WHAT IS EXPECTED:
After locating the line that contains "2631 Greentree Drive SE" in the material below, copy that line and each one following it, exactly, up to the last line. Pictures stay out.
PROVIDED MATERIAL below:
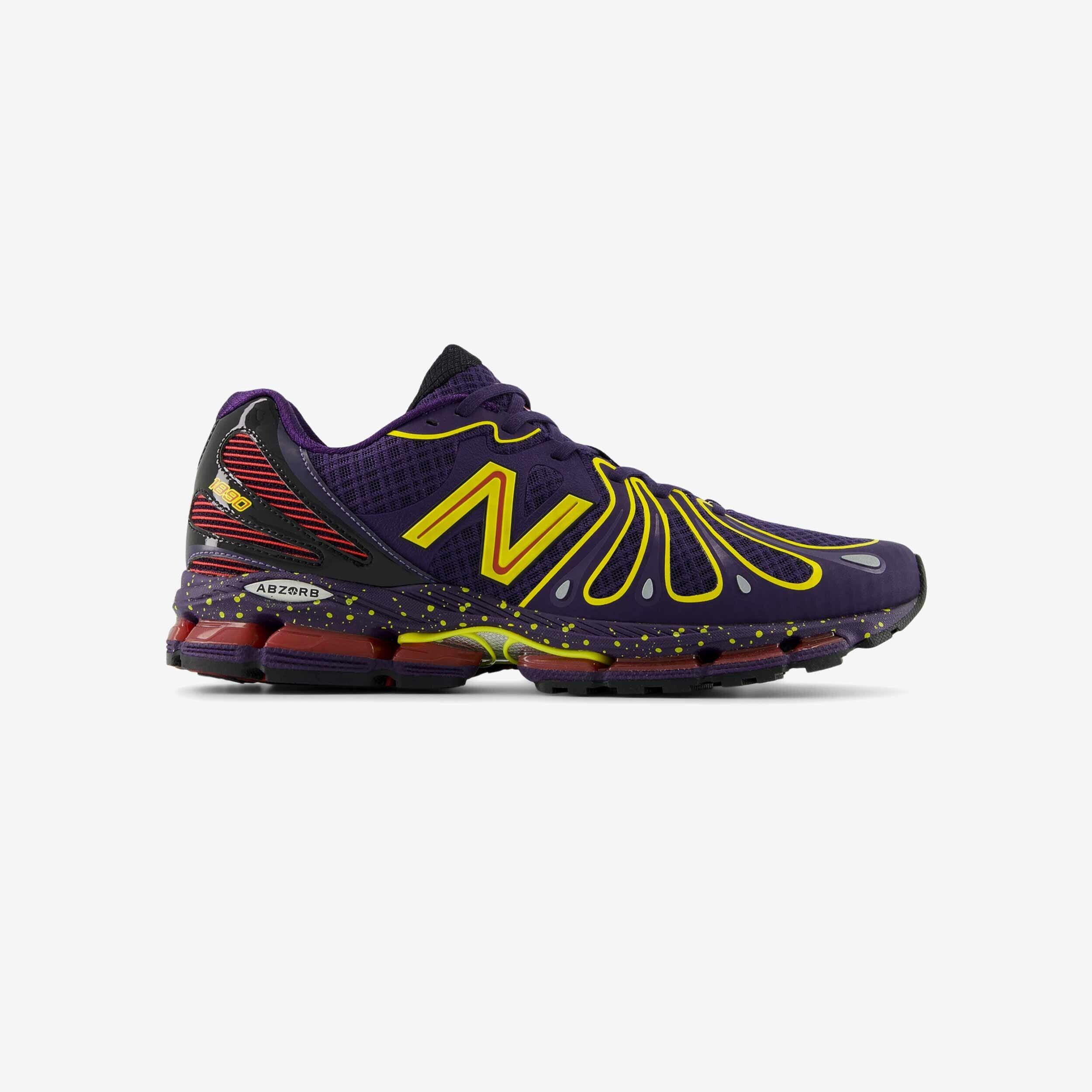 NEW BALANCE picture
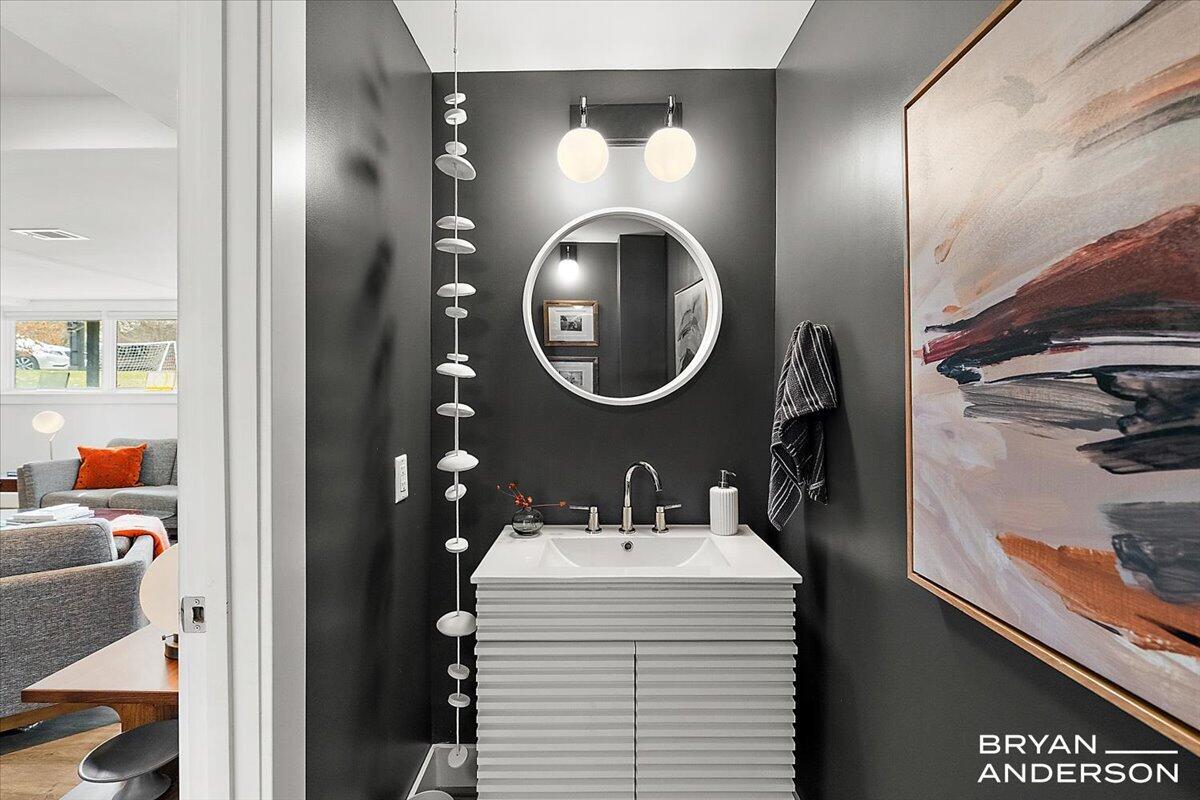 2631 Greentree Drive SE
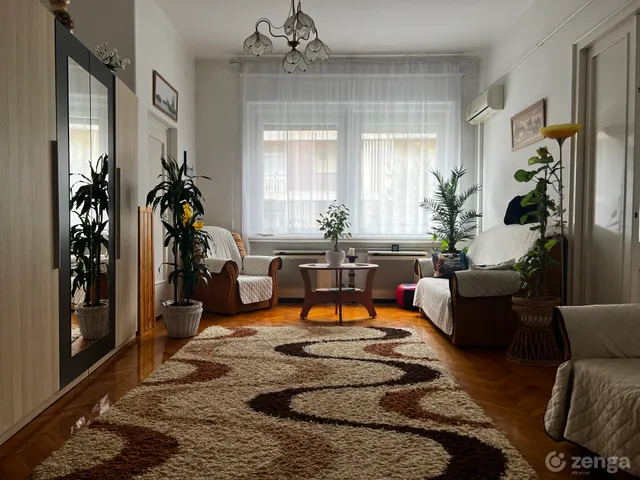 Eladó lakás Szolnok 82 nm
End of PROVIDED MATERIAL.
RESULT OF THE EXERCISE:
 2631 Greentree Drive SE
 Eladó lakás Szolnok 82 nm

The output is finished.